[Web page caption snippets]
******
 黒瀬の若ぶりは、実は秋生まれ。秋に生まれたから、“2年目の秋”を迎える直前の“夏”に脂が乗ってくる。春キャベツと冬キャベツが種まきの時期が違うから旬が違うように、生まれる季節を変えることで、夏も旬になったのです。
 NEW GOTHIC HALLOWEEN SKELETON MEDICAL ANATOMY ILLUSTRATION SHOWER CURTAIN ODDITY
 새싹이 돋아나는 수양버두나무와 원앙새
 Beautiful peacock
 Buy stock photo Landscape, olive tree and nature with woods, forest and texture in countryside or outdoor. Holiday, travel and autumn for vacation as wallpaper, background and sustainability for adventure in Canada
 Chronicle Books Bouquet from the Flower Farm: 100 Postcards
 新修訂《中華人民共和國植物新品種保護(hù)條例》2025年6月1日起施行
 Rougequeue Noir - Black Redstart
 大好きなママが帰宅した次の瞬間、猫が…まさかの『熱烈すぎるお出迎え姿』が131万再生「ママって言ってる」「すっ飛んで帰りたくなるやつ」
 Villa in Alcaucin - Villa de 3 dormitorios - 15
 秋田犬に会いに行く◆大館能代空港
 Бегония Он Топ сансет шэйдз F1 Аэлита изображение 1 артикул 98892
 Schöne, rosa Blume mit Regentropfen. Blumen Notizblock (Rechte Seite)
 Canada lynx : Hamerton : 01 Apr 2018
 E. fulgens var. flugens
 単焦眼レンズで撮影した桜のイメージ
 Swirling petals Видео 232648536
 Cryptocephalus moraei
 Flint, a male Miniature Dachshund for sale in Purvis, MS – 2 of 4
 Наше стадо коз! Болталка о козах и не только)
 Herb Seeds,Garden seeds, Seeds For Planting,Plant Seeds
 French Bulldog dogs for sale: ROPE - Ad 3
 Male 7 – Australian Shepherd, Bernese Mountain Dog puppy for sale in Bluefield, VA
******
▸ **Required action**:
Would you count the lines in the data that contain "sale" and answer with only the number?

▸ **Response to this exercise**:
3